ゲストハウスとは、宿泊料金が安価な簡易宿泊所をさす。ホテル・旅館とは形態が異なり、一般的に提供されるサービスや館内設備は必要最低限にとどめられている。相部屋や宿泊者が自由に利用できる共有スペースなどを有しているのも特徴で、利用者同士の交流、情報交換ができることが魅力のひとつとされている。
ゲストハウスは2000年に入ってから台頭。当初は沖縄や京都などで多く見られていたが、この数年で全国的に広まっている。未だ、「ゲストハウス=安宿」というイメージを持つ人も多いが、女性客やバイク・サイクリストといった多様化する利用者ニーズに対応した細やかなサービスを提供する宿、風情ある古民家を丸ごと改築した宿など趣向を凝らした施設が人気を得ている。
空き家解消に奏効
利用者の増加に比例するようにゲストハウスの開業も広がりを見せており、市内では特に三崎地区での開業準備が進んでいる。

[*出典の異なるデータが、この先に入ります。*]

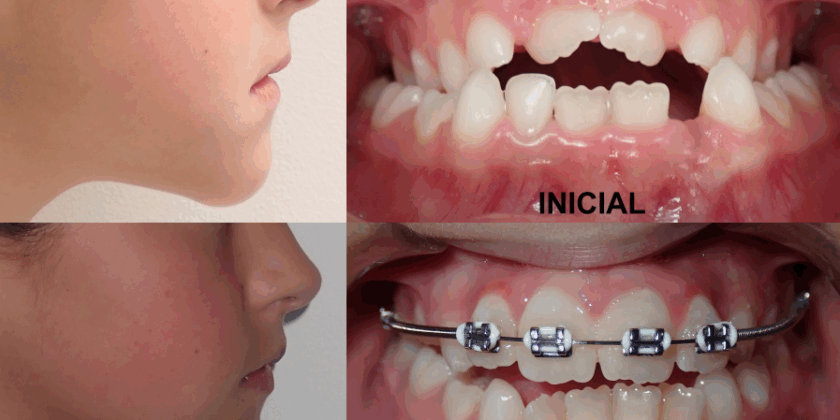 Tratamiento temprano con máscara facial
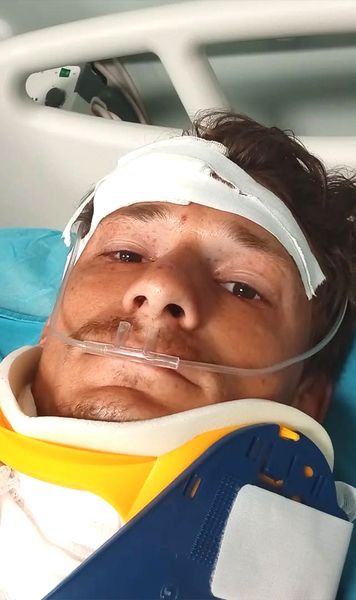„Am văzut moartea cu ochii”  Ultramaratonistul Adrian Șovea,   mesaj cutremurător  după ce a fost lovit de o mașină în timpul unei curse caritabile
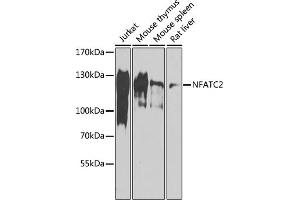 Western blot analysis of extracts of various cell lines, using NF antibody (ABIN6130583, ABIN6144556, ABIN6144557 and ABIN6218469) at 1:1000 dilution. (NFAT1 Antikörper  (AA 1-300))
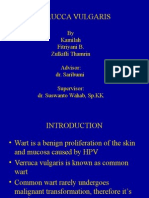 VERUCCA VULGARIS Presentation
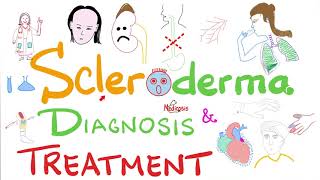 Scleroderma Diagnosis and Management [upl. by Enair]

三崎港前に店を構える老舗酒店の山田屋酒店は、店舗の一部を改築した宿泊施設のオープンに向け、現在工事を進めている。入母屋屋根が特徴的で、およそ築90年の趣ある建物をリノベーション。今後、町家の宿として活用される予定だ。このようにゲストハウスの多くは既存の建物を改築・改修すれば再利用が可能なことから、全国的に顕在化している空き家問題の解消に注目が集まり、行政も熱い視線を注ぐ。

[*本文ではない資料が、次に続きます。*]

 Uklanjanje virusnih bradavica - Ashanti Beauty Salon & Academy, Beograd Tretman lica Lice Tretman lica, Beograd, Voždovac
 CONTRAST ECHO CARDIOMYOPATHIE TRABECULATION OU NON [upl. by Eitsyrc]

その一例として、京都市では「空き家活用・流通支援等補助金」という京町家のゲストハウス化の支援を盛り込んだ制度を創設。空き家を活かした積極的な地域再生を進めている。
宿泊客低迷が課題
都心から約1時間半というアクセスの良さが”諸刃の剣”となり、三浦を訪れる来遊客の大半が日帰り観光で占められる。年間500万を超える人が訪れるが、市の統計では宿泊客はそのうちの8分の1程度、過去10年、ほぼ横ばいで推移する。観光は農業・漁業に続く、三浦の基幹産業の1つ。市も「たくさんの来遊客が来るが、宿泊型になっていないことが市としても課題」との認識を示し、観光消費額の伸び悩みに苦慮する。

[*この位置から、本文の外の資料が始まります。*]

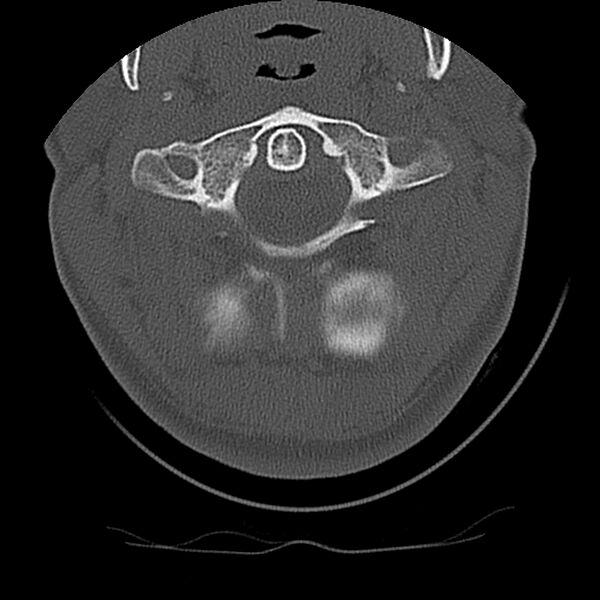 File:Cervical flexion teardrop fracture with cord hemorrhage (Radiopaedia 32497-33454 Axial bone window 16).jpg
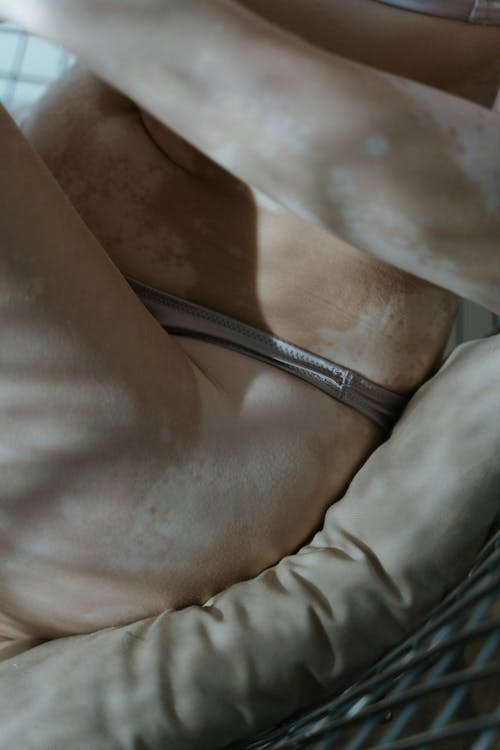 Darmowe zdjęcie z galerii z bielactwo, ciało pozytywne, hipopigmentacja
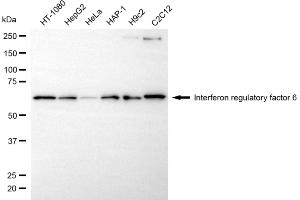 Western blotting analysis using interferon regulatory factor 6 antibody (ABIN7799087). (Recombinant IRF6 抗体)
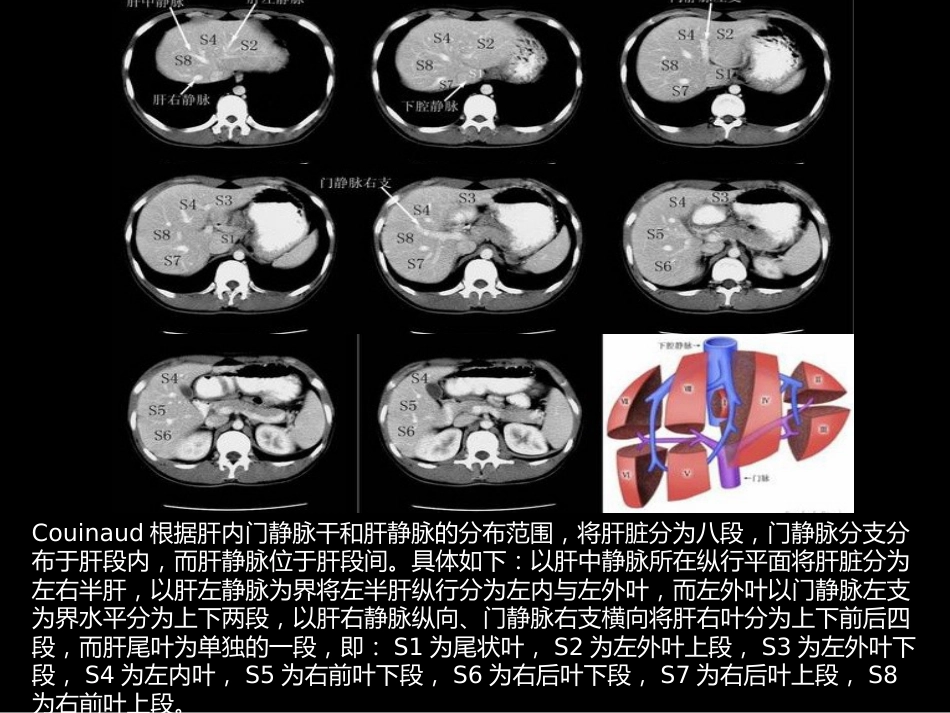肝胆胰影像学诊断_第7页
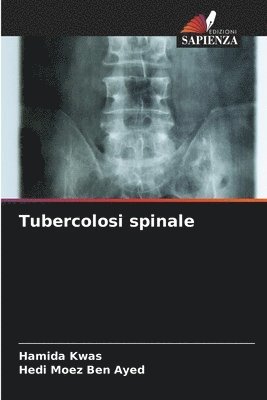 Tubercolosi spinale 1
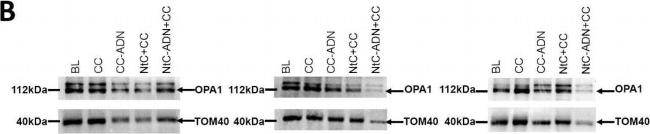 Rabbit IgG (H+L) Secondary Antibody in Western Blot (WB)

三崎での開業をめざす菊地未来さん(26・栄町在住)は、「観光・新体験・出会いを求める人が増え、(ゲストハウス基点の)地域活性化の可能性はある」とした上で「ビジネスとして成功させるには、周辺地域だけでなく国内外の様々な消費者の開拓も必要では」と話す。また、地元住民は「飲食店や商店での消費に繋がる。街も賑やかになるのでは」と話し、好影響に期待が寄せられている。